Task instructions: From the entries below, retype only the lines from the one with "houses, horizon Saint" through the one with "A person using", exactly as written.

(Records excerpted from a collection)
+--
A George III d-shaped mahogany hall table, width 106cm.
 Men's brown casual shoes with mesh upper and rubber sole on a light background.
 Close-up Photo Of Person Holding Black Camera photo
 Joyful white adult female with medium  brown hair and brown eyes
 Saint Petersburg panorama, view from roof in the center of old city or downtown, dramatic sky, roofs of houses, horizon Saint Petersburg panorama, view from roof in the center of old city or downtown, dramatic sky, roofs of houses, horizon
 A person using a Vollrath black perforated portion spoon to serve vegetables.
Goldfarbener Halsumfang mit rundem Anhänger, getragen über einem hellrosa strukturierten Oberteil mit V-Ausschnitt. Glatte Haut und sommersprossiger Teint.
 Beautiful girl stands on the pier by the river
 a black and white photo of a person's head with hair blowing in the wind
+--
Solution to this problem:
 Saint Petersburg panorama, view from roof in the center of old city or downtown, dramatic sky, roofs of houses, horizon Saint Petersburg panorama, view from roof in the center of old city or downtown, dramatic sky, roofs of houses, horizon
 A person using a Vollrath black perforated portion spoon to serve vegetables.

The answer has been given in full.